04 marzo 2006

Made In USA

Homenaje entre gozoso y paródico a Fuller, Ray y demás luminarias del cine negro desamparado y desclasado, Made In USA (1966) de Godard es posiblemente el primer experimiento consciente de abrumar al devenir del cine con lo que se ha dado en llamar película-cómic. Ya existía un precendente, Kiss Me Deadly, de un Aldrich pletórico, film adorado hasta la náusea por Godard en sus primeros años como crítico, cuya sombra planea en autores como Scorsese, De Palma, Boorman y los actuales Nolan, Miike y, como no, Tarantino.

El cine de Godard es ante todo un cine de ideas; también de imágenes, de acuerdo, pero las primeras dominan sobre las segunda, sin cuya fortaleza no existirían.
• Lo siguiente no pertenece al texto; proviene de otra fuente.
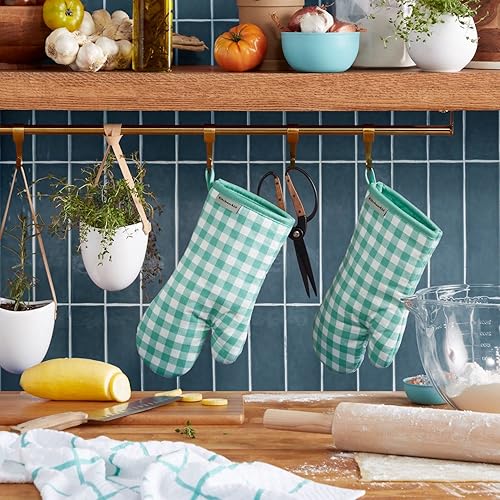 Miniatura 2 de KitchenAid Gingham Oven Mitt 2-Pack Set, Aqua Sky, 7"x13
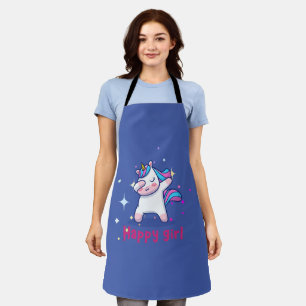Cute Kawaii Colourful Rainbow Unicorn Happy Girl   Apron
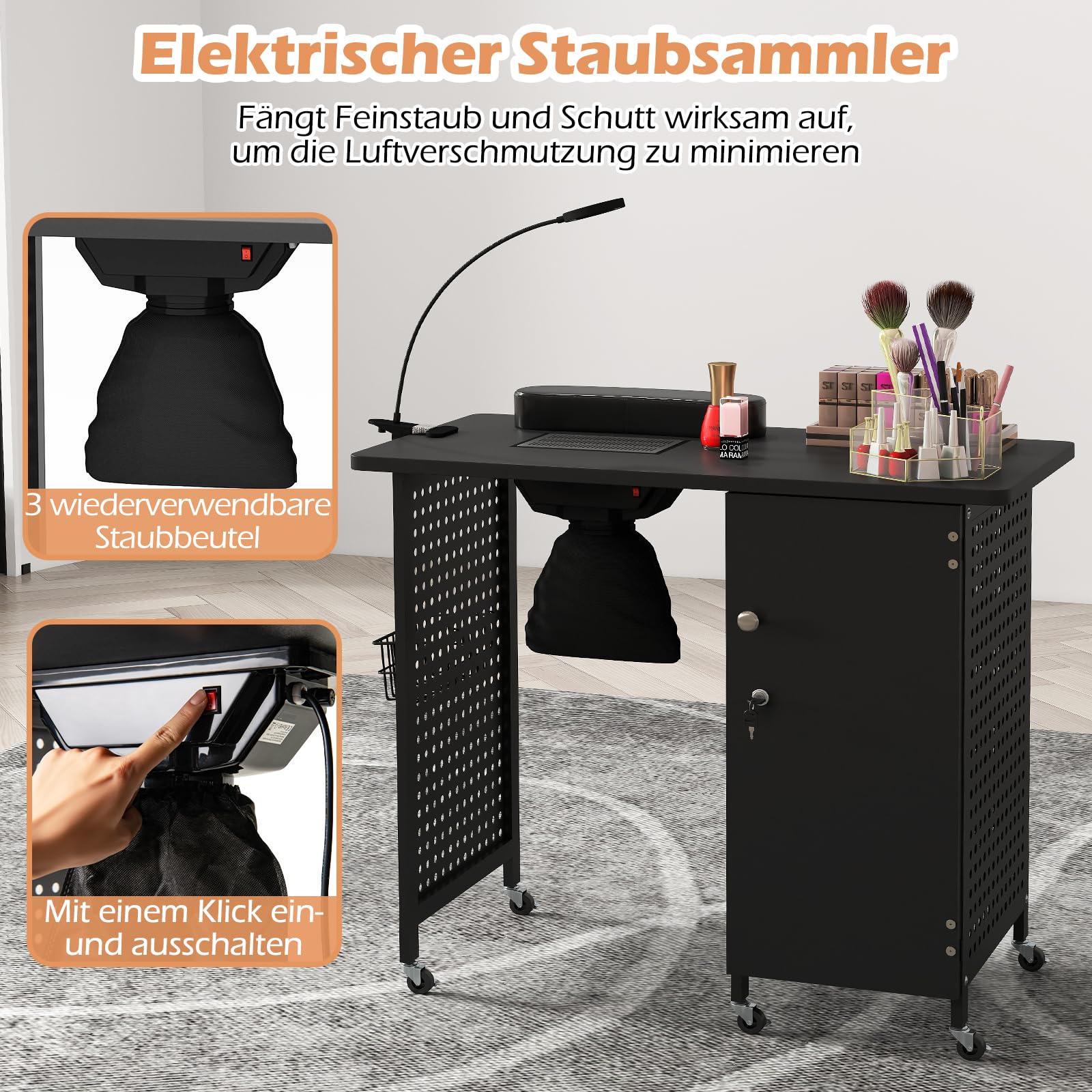 GOPLUS Nageltisch mit 6 Rollen, Maniküre Tisch mit Staubbeuteln & Verstellbares Licht mit Clip & Abnehmbarer Kasten & Metallkorb & Tür & 4 Schubladen, Nagelfrisiertisch, 90 x 45 x 78,5 cm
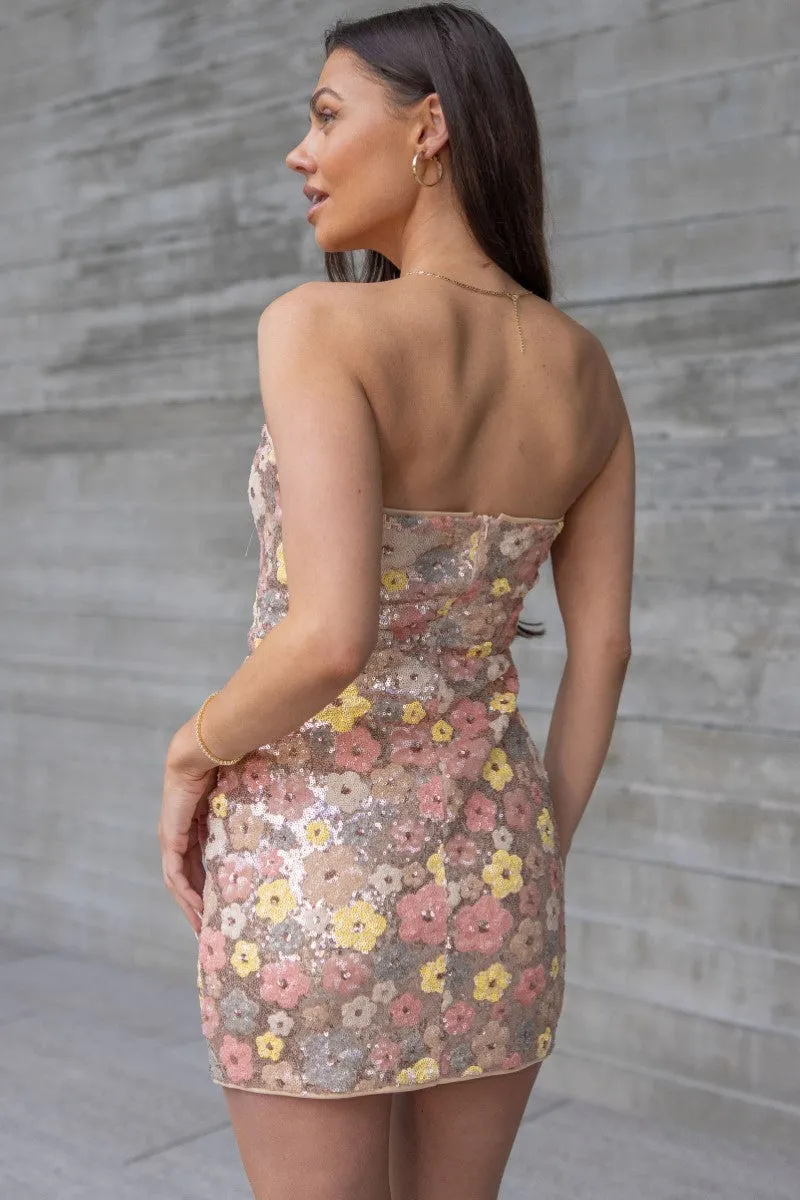 Samira Strapless Floral Sequin Mini Dress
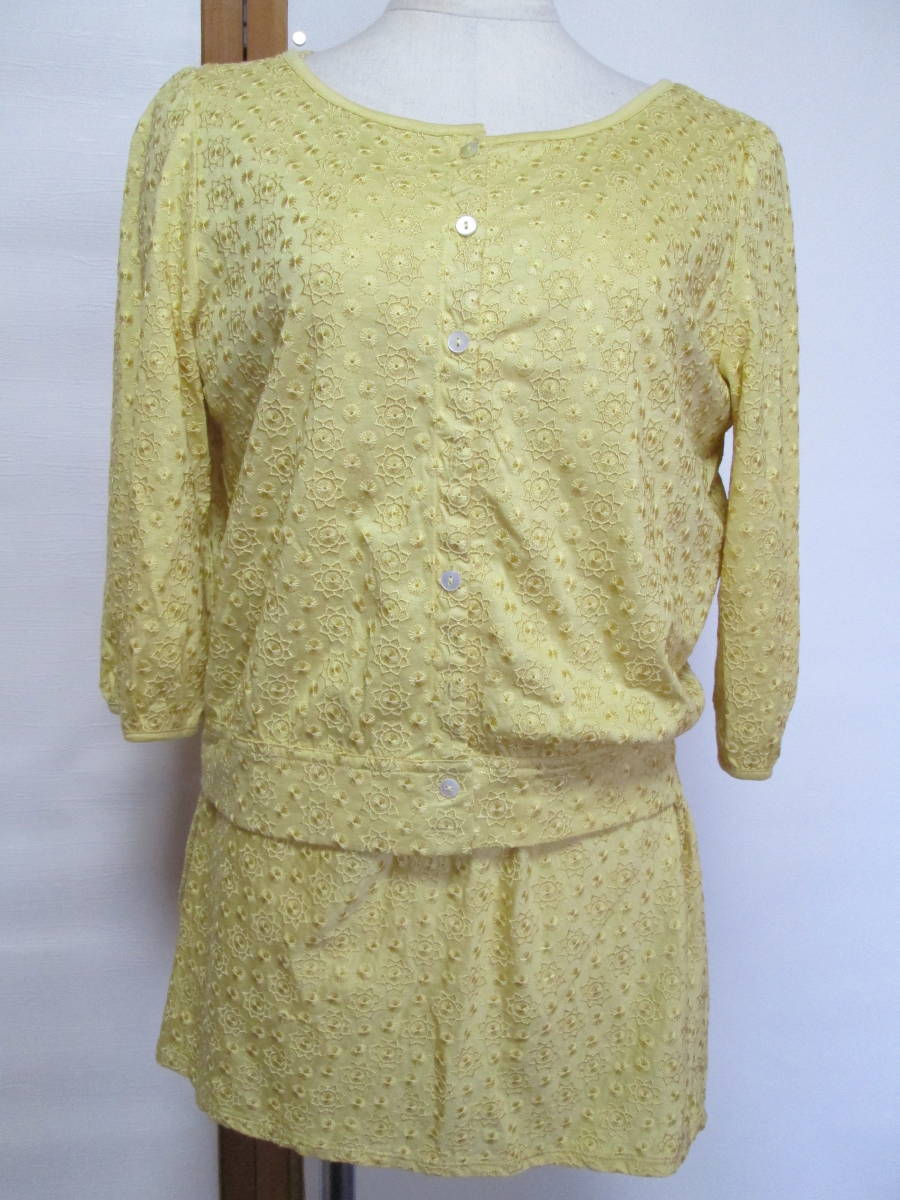  beautiful goods *K.T*11* ensemble * embroidery * short sleeves tunic * yellow color * T-shirt cloth * cotton *liyo cell * Katie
Lo preponderante en su filmografía es desbordar al espectador, al que obliga a ser activo para incorporarlo a la aristocracia de la mirada -que nadie se engañe, el obrero al que tanto defendía Godard nunca se enteró ni de la mitad del asunto-, expuesto a un maremoto de ideas ante el que resulta incómodo posicionarse.

1966 es un año de transición para el irreverente francés; aunque en él transición no significa relajación. Hasta Alphaville, su cine se caracterizaba por desglosar los géneros cinematográficos en un intento de sublimación y recreación, por emancipar la banda de música y sonido para forzar un nuevo punto de vista -a veces hasta la narración completa de otra película-, retratar los valores y preocupaciones de la juventud de su época -o eso creía él-, presentar héroes idealistas y proponer un regreso al romanticismo más descarnado. Motivos estos suficientes por los que algunos sectores le acusaban de frivolidad, artificiosidad y vacuidad.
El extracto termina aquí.